Specjalizacje - szara rzeczywistość

Sławomir Józefowicz

Gdy ukaże się ten artykuł, sprawa Lekarskiego Egzaminu Państwowego (LEP) będzie już definitywnie rozstrzygnięta, zgodnie z postulatami środowiska lekarskiego, władz wyższych uczelni medycznych, a także, co się okazało dopiero w trakcie debaty na ten temat w Sejmie, zgodnie ze stanowiskiem Ministra Zdrowia.

Odsunięcie LEP-u w czasie zamyka pewien etap działań w celu uporządkowania systemu kształcenia podyplomowego. Jest jednak jeszcze mnóstwo problemów, związanych chociażby tylko z przebiegiem stażu podyplomowego, które trzeba rozwiązać, aby w przyszłości taki egzamin mógł zostać przeprowadzony w sposób obiektywny i profesjonalny.

Ale nawet najlepszy egzamin nie spowoduje nagłego wzrostu poziomu wykształcenia lekarzy, jeżeli nie przeprowadzi się naprawy całego systemu kształcenia, od początku studiów medycznych aż po zapewnienie możliwości realizowania obowiązku doskonalenia zawodowego zapisanego w ustawie o zawodzie lekarza.

Lekarski Egzamin Państwowy to pierwszy stopień schodów, znajdujących się przed młodymi lekarzami na początku ich drogi zawodowej. Wszystkie osoby związane ze środowiskiem lekarskim wiedzą, co się dzieje z systemem specjalizacji. A dzieje się źle.
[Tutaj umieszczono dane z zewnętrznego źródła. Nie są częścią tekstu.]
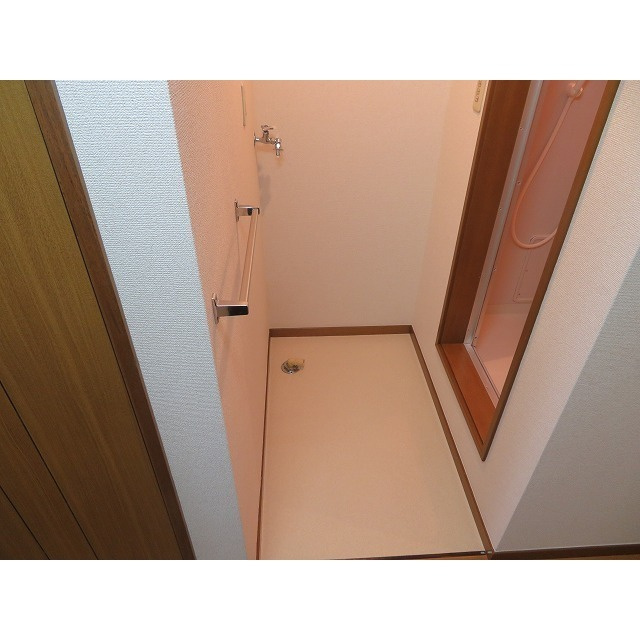 ハイツ・サンのその他|室内洗濯機置き場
W dzisiejszych czasach, kiedy konkurencja między lekarzami powoli staje się faktem, niemożliwe jest funkcjonowanie na rynku usług medycznych bez posiadania specjalizacji. Żadna kasa chorych, a w przyszłości – prywatna firma ubezpieczeniowa nie podpisze z takim lekarzem umowy na świadczenie usług lekarskich. Podobnie żaden publiczy zakład opieki zdrowotnej czy też niepubliczny zoz nie zatrudni takiego lekarza, chyba że będzie on w trakcie szkolenia. Wystarczy spojrzeć na ogłoszenia, w których poszukuje się niemal wyłącznie specjalistów. Wkrótce brak tytułu specjalisty będzie dla lekarza równoznaczny z bezrobociem.

Można, oczywiście, zmienić zawód, ale znakomita większość moich kolegów nie po to chyba poddała się 7,5-rocznej procedurze szkolenia, niekiedy kosztem zdrowia fizycznego i psychicznego, aby w końcu całą zdobytą wiedzę i umiejętności "odłożyć na półkę". Wprawdzie już na pierwszym roku studiów mówiono nam: "Jest wiele innych pięknych zawodów w białych fartuchach", jednak mimo wszystko postanowiliśmy dotrwać do końca.
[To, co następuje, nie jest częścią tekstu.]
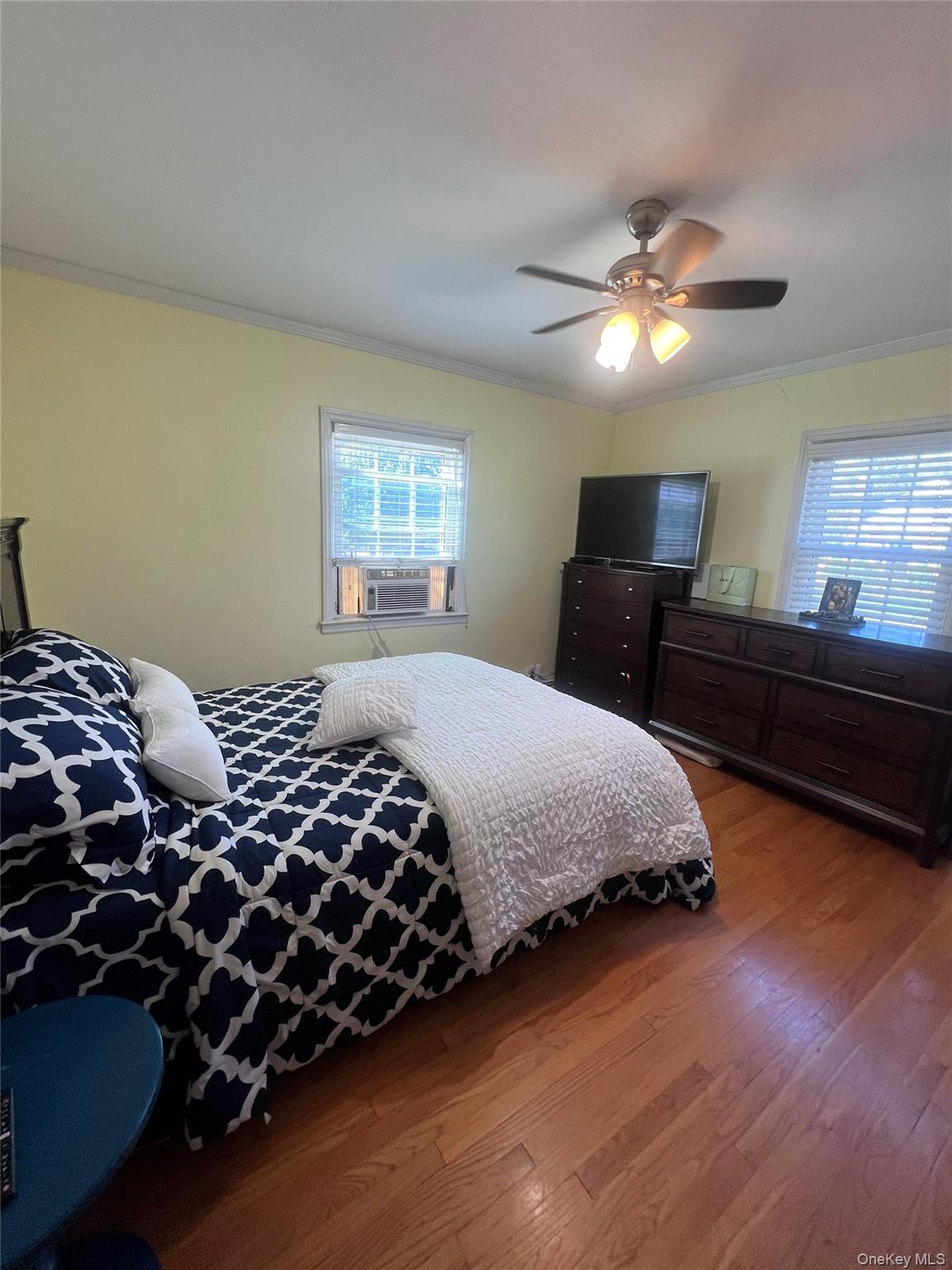 44 Frank Street, Valley Stream, NY 11580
Jak wiadomo, rozporządzenie Ministra Zdrowia i Opieki Społecznej w sprawie specjalizacji lekarzy i lekarzy stomatologów z 25 marca 1999 r. (Dz.U. nr 31, poz. 302) wymienia formy prawne, w ramach których można uzyskać tytuł specjalisty. Postaram się przedstawić ich wady oraz istniejące przeszkody natury formalnej i organizacyjnej. Reprezentuję przy tym punkt widzenia lekarza w trakcie odbywania stażu podyplomowego, który za kilka miesięcy, posiadając już prawo wykonywania zawodu, rozpocznie poszukiwania pracy w swoim fachu.

Jak można zdobyć specjalizację?



1. Na podstawie umowy o pracę, zawartej na czas określony z jednostką organizacyjną prowadzącą specjalizację, w ramach szkoleniowego etatu rezydenckiego, zwanego "rezydenturą".
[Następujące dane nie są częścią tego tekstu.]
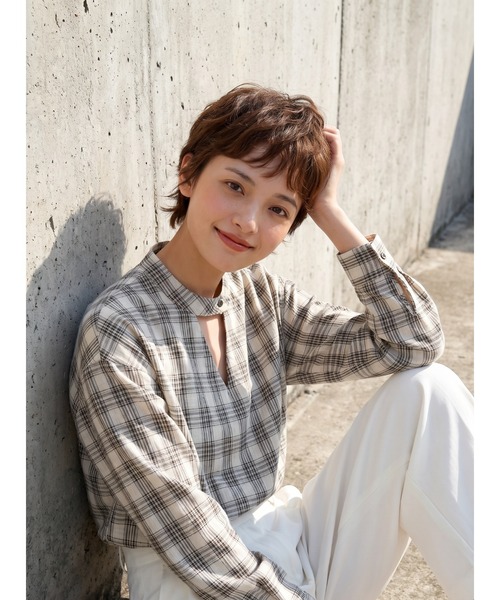 Sew loop(ソーループ)の「チョーカーネックセンタースリットチェック長袖ブラウス(シャツ/ブラウス・レディース・ブラック/ホワイト・FREE)」の7枚目の写真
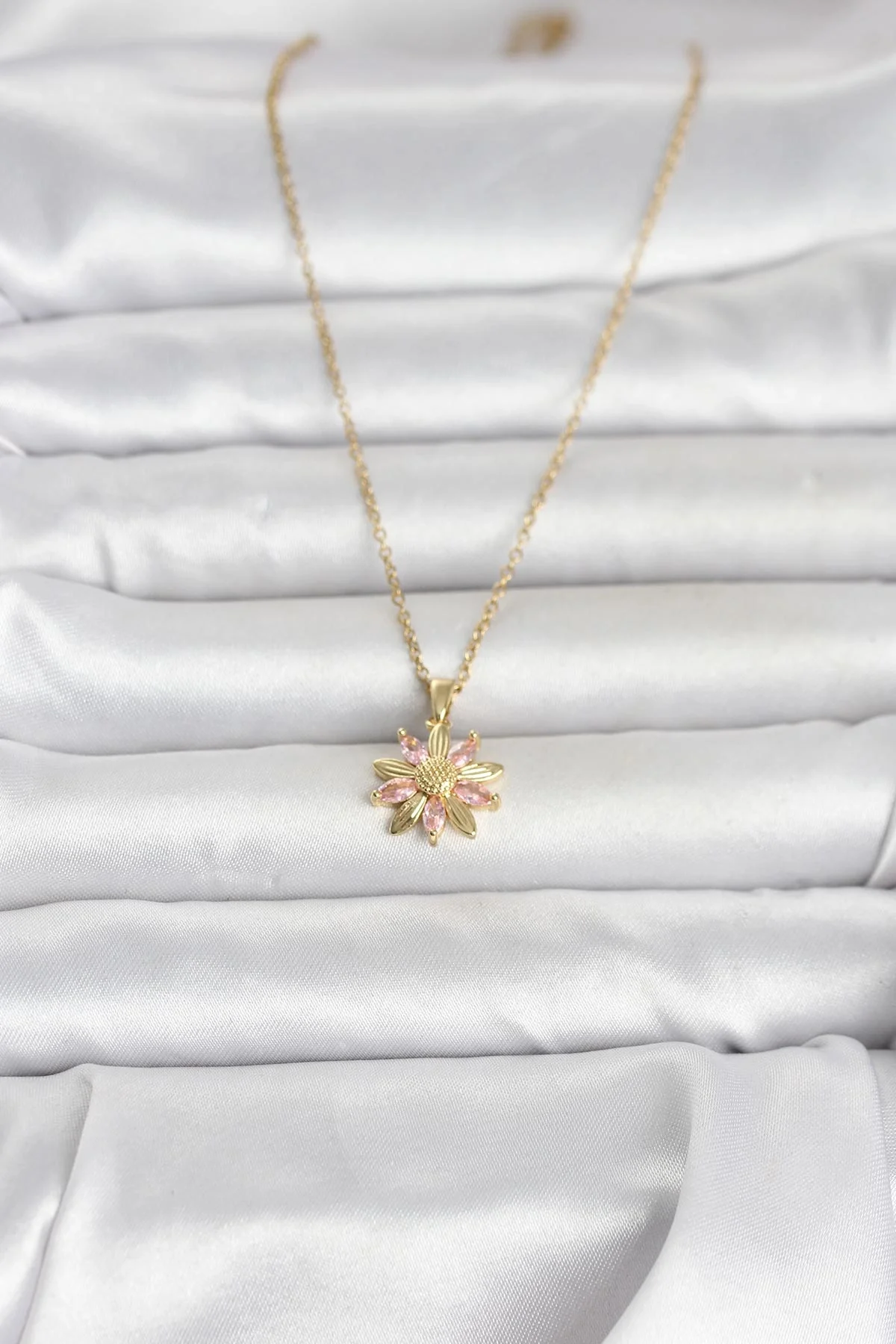 316L Çelik Zincir Gold Renk Pembe Papatya Model Kadın Kolye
Etat jest wówczas finansowany przez Ministerstwo Zdrowia, a wynagrodzenie niewielkie, biorąc pod uwagę obowiązek stałego dokształcania i odbywania staży specjalizacyjnych. Jednak w porównaniu z pensjami lekarzy podstawowej opieki zdrowotnej wypada to dość przyzwoicie, jeśli o zarobkach tych ostatnich w ogóle można tak powiedzieć. Brak jest jednak jasno sprecyzowanych przepisów mówiących o wysokości wynagrodzenia, jak ma to miejsce w przypadku stażu podyplomowego. Nie ma także określonego wynagrodzenia dla opiekuna specjalizującego się lekarza.

Forma rezydentury jest obecnie głównym sposobem, w jaki lekarz po stażu podyplomowym może zdobyć specjalizację. W założeniach, rezydentury miały stanowić 50% wszystkich miejsc specjalizacyjnych, z czego połowa miała przypadać na medycynę rodzinną. Zainteresowani wiedzą, że jest ich zdecydowanie mniej, a w ostatniej sesji nie było ich w ogóle. Nie wiadomo, według jakiego klucza rozdzielane są miejsca specjalizacyjne na poszczególne województwa, a także, czy brane jest pod uwagę zapotrzebowanie na daną grupę specjalistów w regionie.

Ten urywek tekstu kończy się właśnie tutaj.